Here's an arrow mass mystery: my Vectrix XL shoots an otherwise identical Axis ST and an Axis FMJ withing 2 fps of each other. Checked it on another chronograph. The FMJ weights about 30 grains more than the regular Axis ST. Should be about 10 fps slower. Other arrows are about where they should be - a 350 grain arrow is going a little more than 20 fps faster, and a 500 grain arrow is going almost 20 fps slower.Not sure why, but I'll take it
I really think we would find that each cam design, bow weight, draw length combo has a particular weight arrow at which effeciency peaks or is at it's best, and could give us some skewed numbers we are not used to.

Usually more weight equals more KE, but those numbers with modern Bow design are slight.
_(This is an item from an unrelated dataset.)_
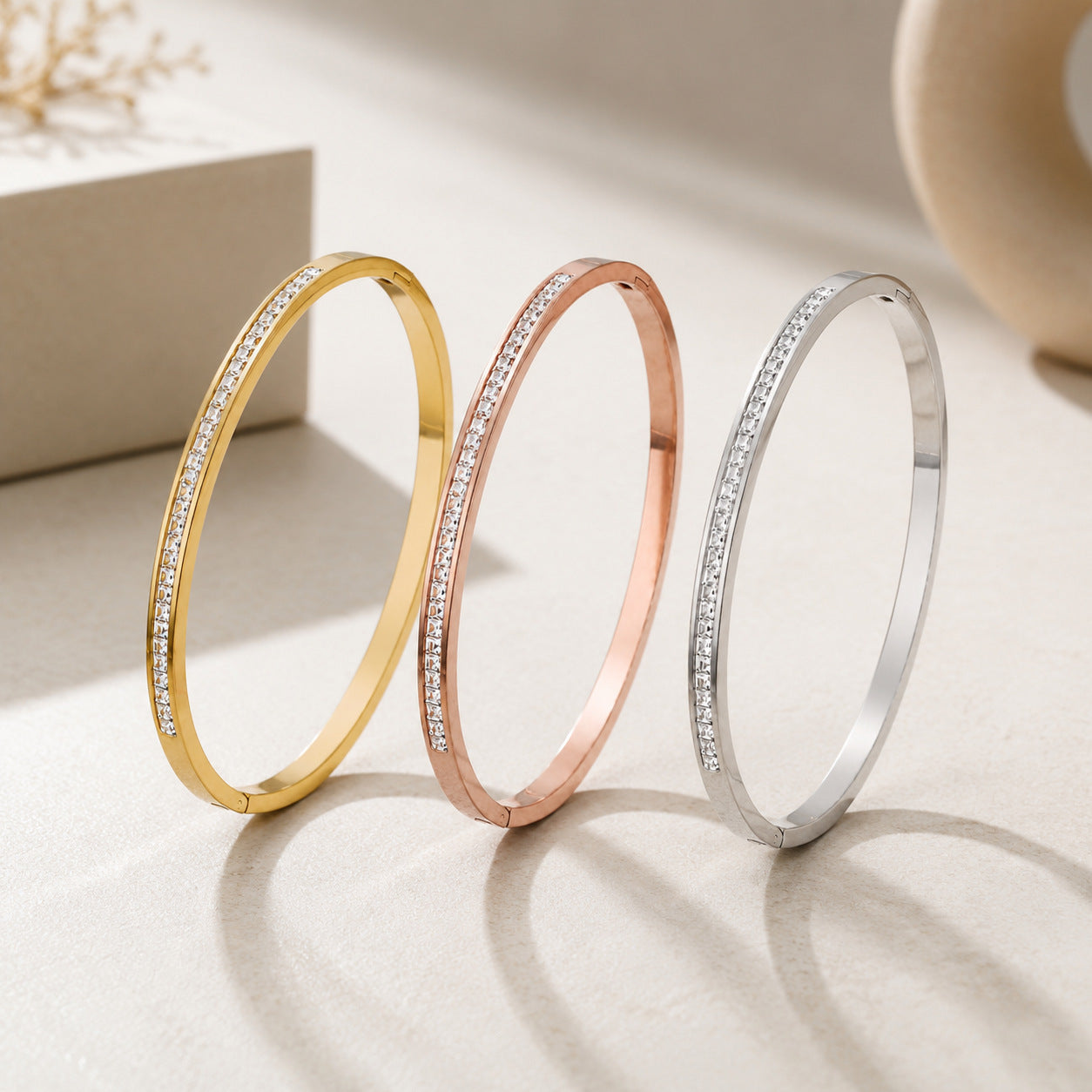 Bestselling Ins European & American Style Starry Sky Paved Rhinestone Titanium Steel Bracelet, Luxury Premium Bangle For Women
A sweet spot in arrow weight and Voila numbers we are not used to.

My thoughts are that even arrow material could play a part in energy absorbed from the Bow?? My 400 grain arrows are the new Aramid Kevlar shafts.

I doubt any contact is the issue on my setup with feathers and a Limb Driver.

340 grain arrow less KE

400 grain best KE

500 grain arrow slightly less KE

I sure would not give up the speed differencethere is between a 400 and a 500 grain arrow for even a slight gain in KE and I actually lost a tad

Numbers from My Guardian 60# 28" draw

326 grain arrow 280 fps 56.77# KE

500 grain arrow 232 fps 59.77# KE

Difference of 3# KE

Numbers from my General 60# 28" draw

326 grain arrow 278 fps 55.96# KE

500 grain arrow 228 fps 57.73# KE

Difference of only 1.77# KE

On the Guardian and General I never shot the 400 grain arrow. Maybe I should!!